PROBLEM TO WORK ON:
Your task is to return, word for word, only the lines from the line with "Hot babe drinks cum from his happy end" through the close of the data. Exclude all pictures.
===== INPUT DATA =====
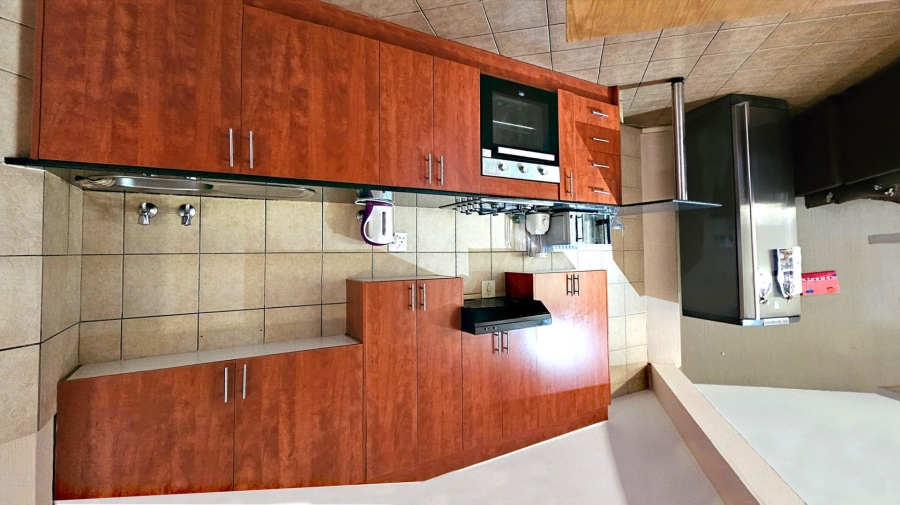 2 Bedroom Property for Sale in Radiokop Gauteng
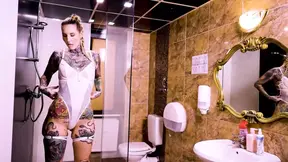 Hot babe drinks cum from his happy end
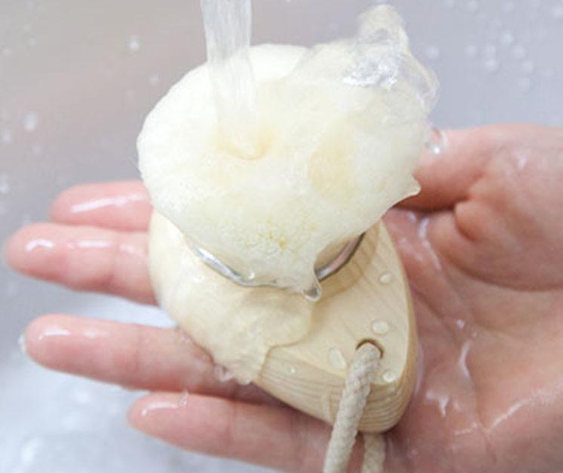 使用潔面刷會導致毛孔變大嗎？如何正確使用潔面刷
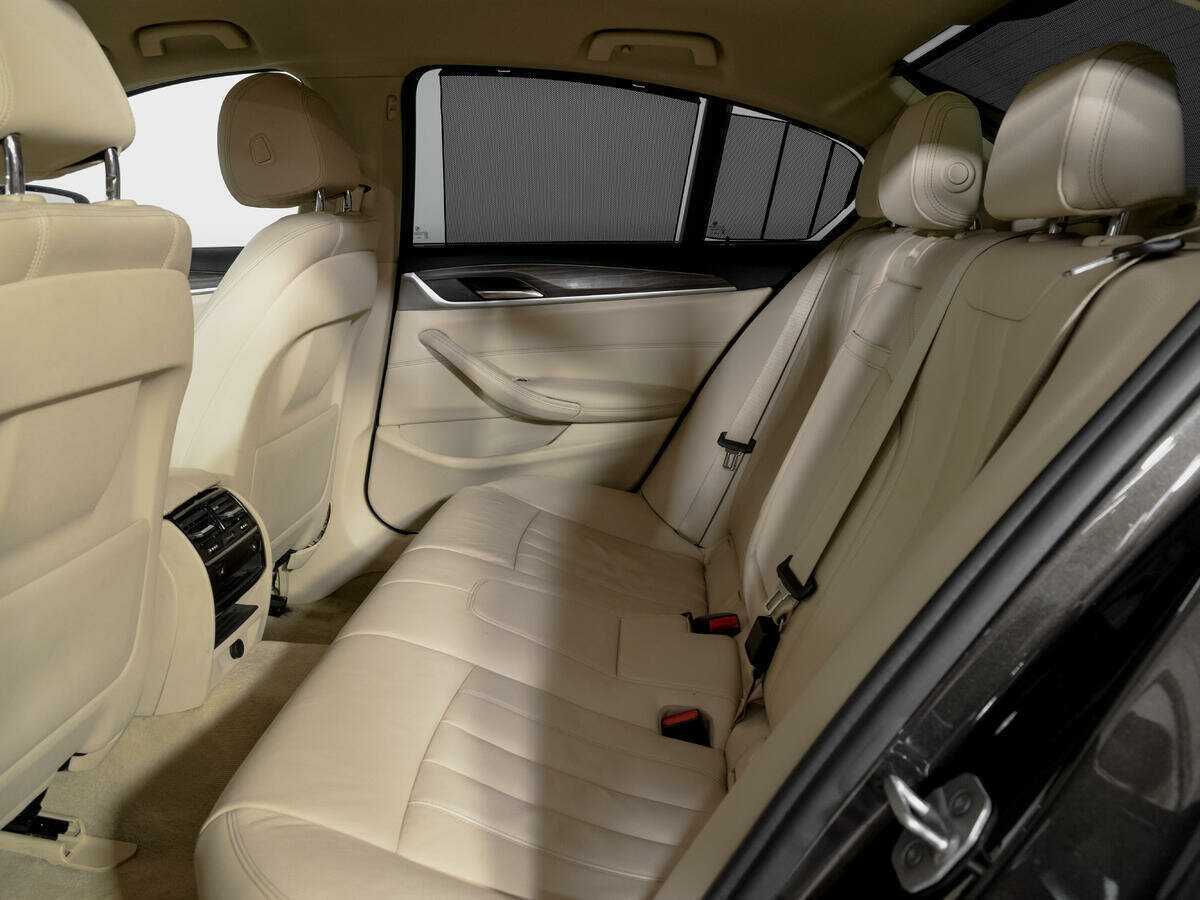 BMW 5 серии 530i xDrive, 2017 Фото №9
=====
SOLUTION:
 Hot babe drinks cum from his happy end
 使用潔面刷會導致毛孔變大嗎？如何正確使用潔面刷
 BMW 5 серии 530i xDrive, 2017 Фото №9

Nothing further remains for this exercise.